- **TASK BRIEF**:
Print the line containing "Birmingham Challenges Manchester&rsquo;s", then every line after it through the end of the material, exactly as written and without pictures.

- **DATA SHOWN**:
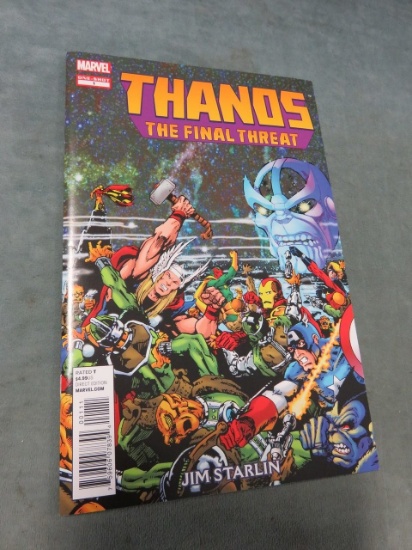 Thanos the Final Threat Jim Starlin 1-Shot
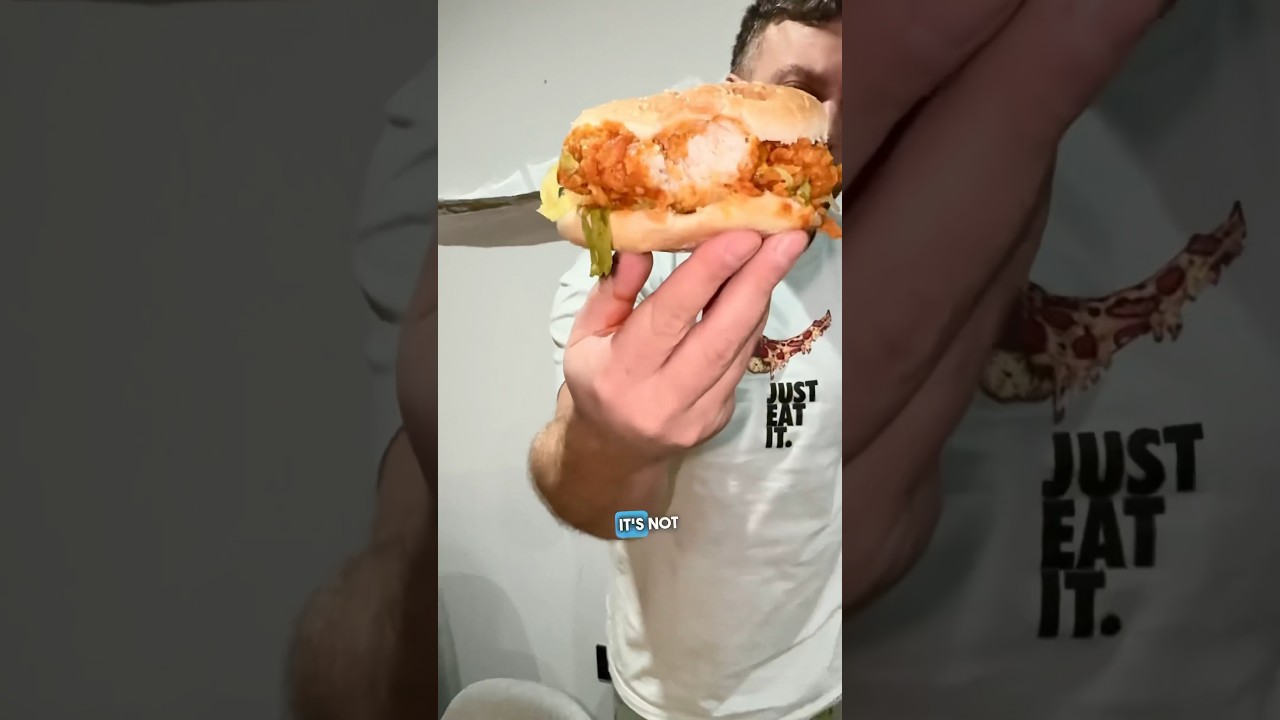 Birmingham Challenges Manchester&rsquo;s Spicy Chicken Burger! #SpicyChickenBurger #spicychickensandwich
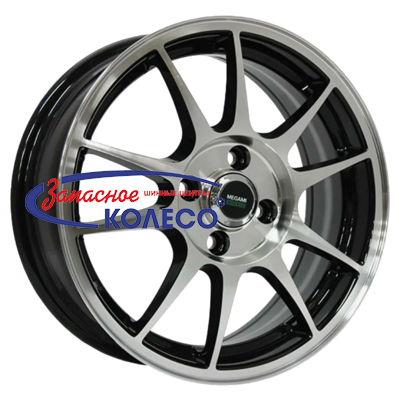 14'' 4x100 ET40 D54,1 6,0J Megami MGM-5 BKF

- **RESPONSE TO THIS TASK**:
 Birmingham Challenges Manchester&rsquo;s Spicy Chicken Burger! #SpicyChickenBurger #spicychickensandwich
 14'' 4x100 ET40 D54,1 6,0J Megami MGM-5 BKF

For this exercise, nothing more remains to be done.